Start of GIVEN DATA

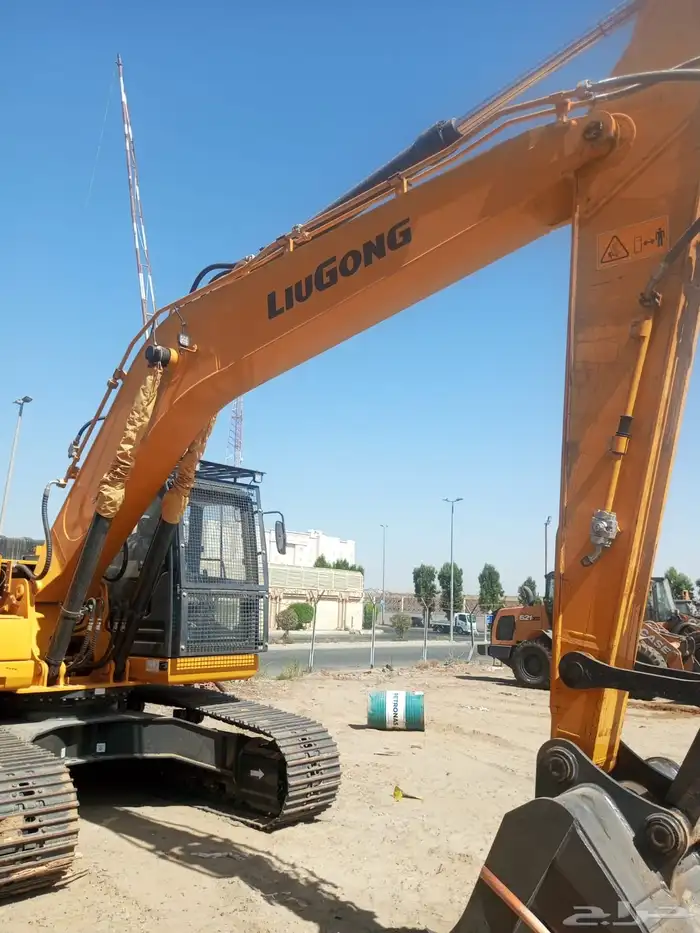 آليات ومعدات جديده حفار 20 طن 3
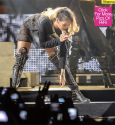 Rihanna's Scary Fan Encounter: Uses Mic To Defend Herself?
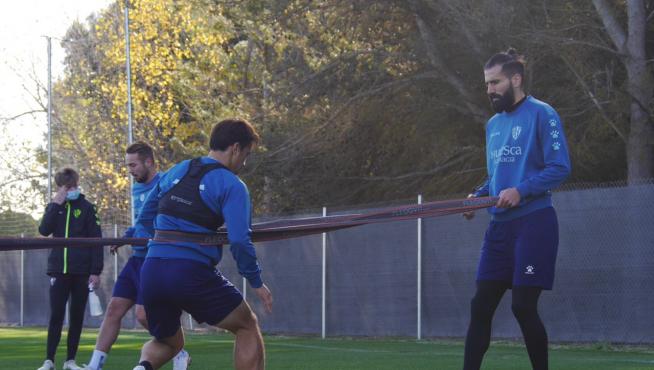 Okazaki y Siovas, durante el entrenamiento de este lunes de la SD Huesca.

End of GIVEN DATA

> _PROBLEM_:
Give every line above again exactly, with no pictures.

> _SOLUTION TO THIS EXERCISE_:
 آليات ومعدات جديده حفار 20 طن 3
 Rihanna's Scary Fan Encounter: Uses Mic To Defend Herself?
 Okazaki y Siovas, durante el entrenamiento de este lunes de la SD Huesca.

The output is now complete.